Re: [DISCUSS] Plan for merge SQE and Storm SQL

Morrigan Jones Mon, 10 Oct 2016 13:09:17 -0700

Thank you for this update Jungtaek. I've been meaning to do my own followup
to your technical analysis, but unfortunately had some Kafka work eat up a
lot of my time. I do have some immediate questions/thoughts, though:


1) From reading the Calcite documentation, a monotonic expression is
required in GROUP BYs of streaming queries. The most common use case is
probably some sort of date/time/timestamp field. This seems extremely
limiting to me, especially when streaming off of Kafka where data may not
be strictly ordered.
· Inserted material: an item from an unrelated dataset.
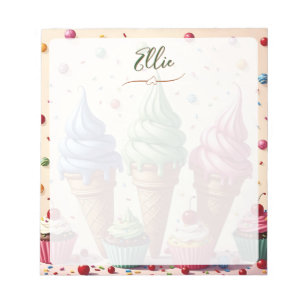 Bloc De Notas Helado y cupcakes Personalizados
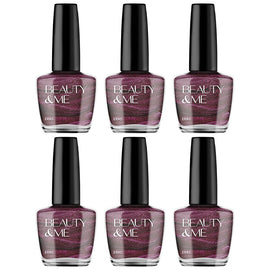 Beauty & Me Eras Deep Pink Metallic Nail Polish Duo 6 Pack Quick Dry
How is this handled? Is late data not allowed at all?
(quasi-monotonicity is allowed, but still doesn't solve late data issue)
2) Monotonicty becomes even more complicated when your dataset is
partitioned, again like Kafka. How is this handled?
3) Does Calcite have any understanding of partitioned/sharded streams at
all?
4) You say here that "aggregation is limited to micro-batch so result is
non deterministic." What do you mean here? Trident supports stateful
aggregations, not just within the micro-batch.
5) In your technical analysis, you say that "flexible data sources" are a
pro for Storm SQL, as opposed to SQE. What do you mean?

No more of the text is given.